** Supplied entries **
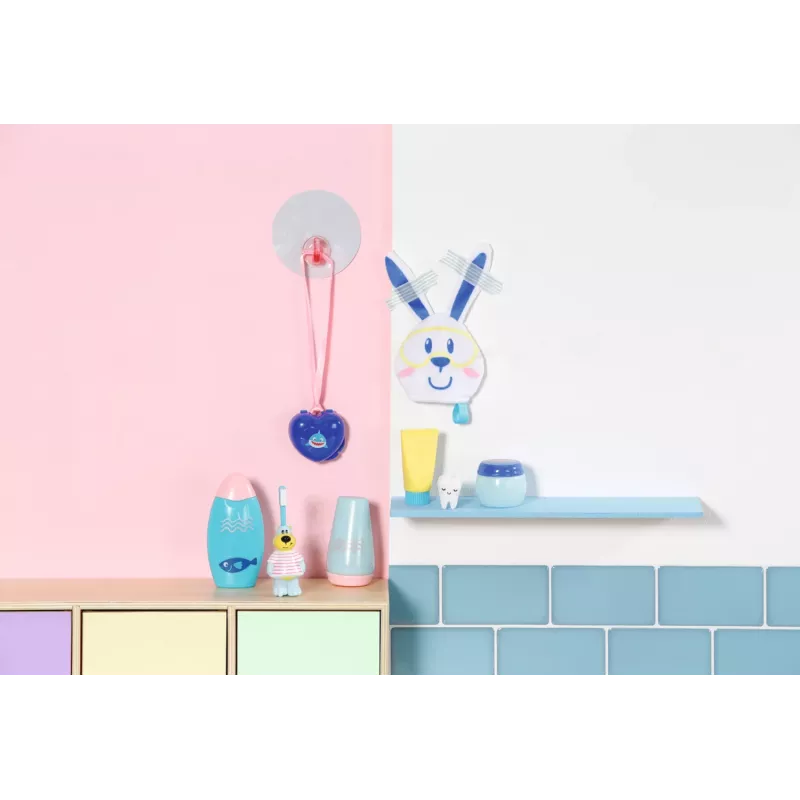 BABY born set per il bagnetto bambola set da bagno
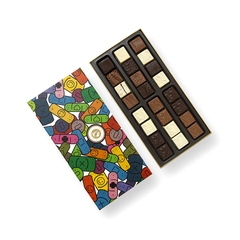 Chocolate Lavice ngọt ngào thượng hạng (loại 15 chiếc)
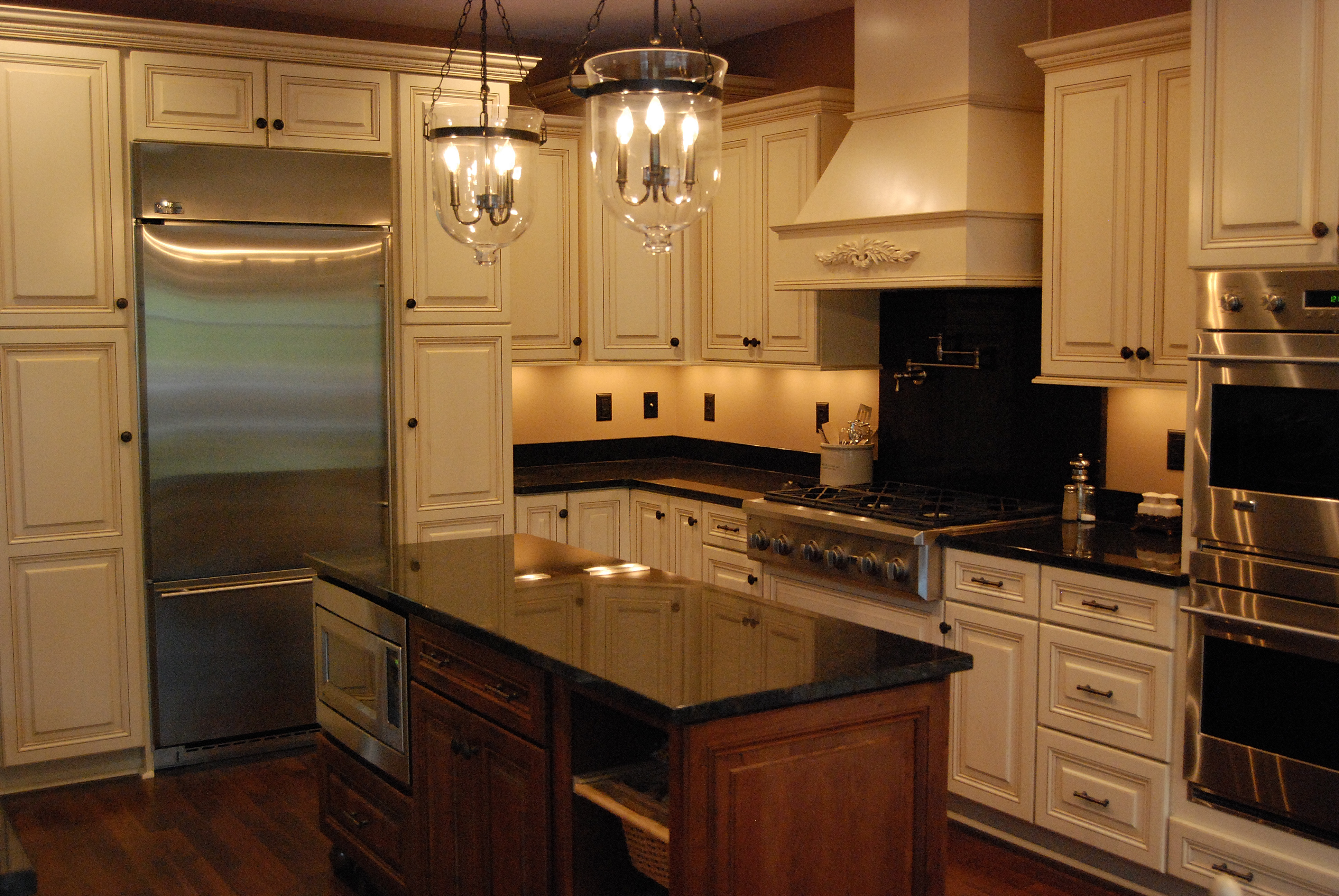 Manor House Kitchens. Custom Cabinets for Kitchen, Bathroom, Bar, and more.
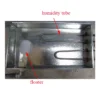 Cross Flow Fans, 95%, 110v, Plastic - view 3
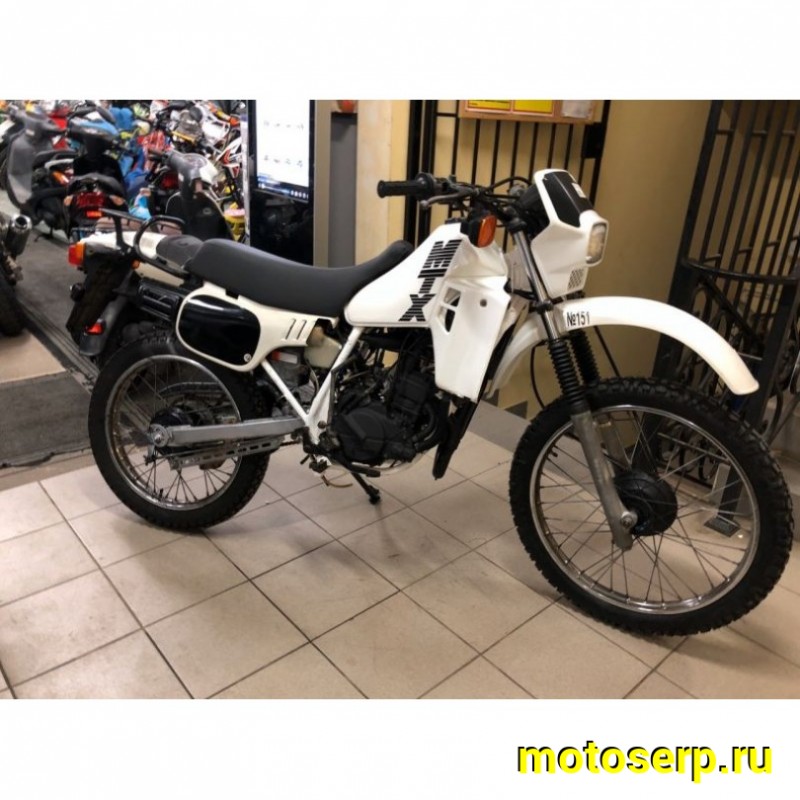 Купить  ====Мопед Honda MTX 50 2т 6МКПП Жидк.охл 21/18 Из Японии,без пробега по РФ купить с доставкой по Москве и России, цена, технические характеристики, комплектация фото  - motoserp.ru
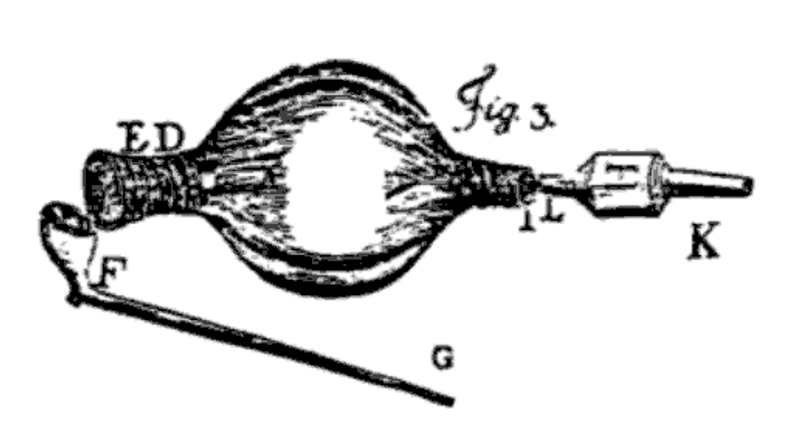 Tobacco Smoke Enemas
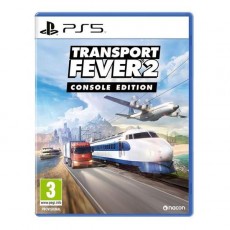 PS5 игра Nacon Transport Fever 2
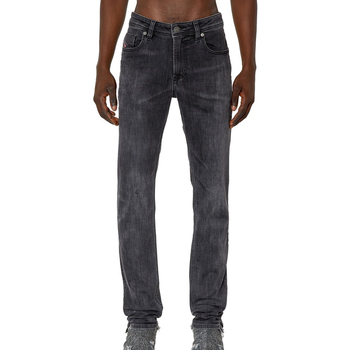 Kleidung Herren Straight Leg Jeans Diesel A03596-0TFAR Grau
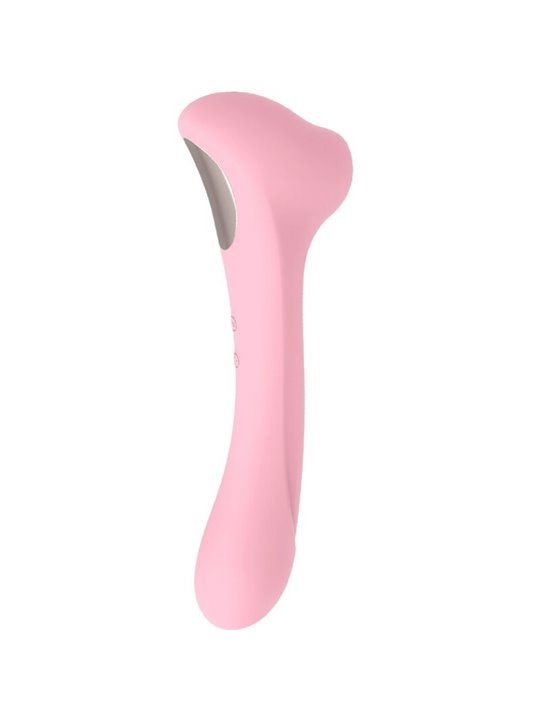 Femintimate Daisy - Vibratore Massaggiatore Succhia Clitoride Rosa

** Required work **
Lines before the one containing "Honda MTX 50" are not wanted; write out that line and every later line through the end of the data above, exactly, without pictures.

** Solution to the problem **
 Купить  ====Мопед Honda MTX 50 2т 6МКПП Жидк.охл 21/18 Из Японии,без пробега по РФ купить с доставкой по Москве и России, цена, технические характеристики, комплектация фото  - motoserp.ru
 Tobacco Smoke Enemas
 PS5 игра Nacon Transport Fever 2
 Kleidung Herren Straight Leg Jeans Diesel A03596-0TFAR Grau
 Femintimate Daisy - Vibratore Massaggiatore Succhia Clitoride Rosa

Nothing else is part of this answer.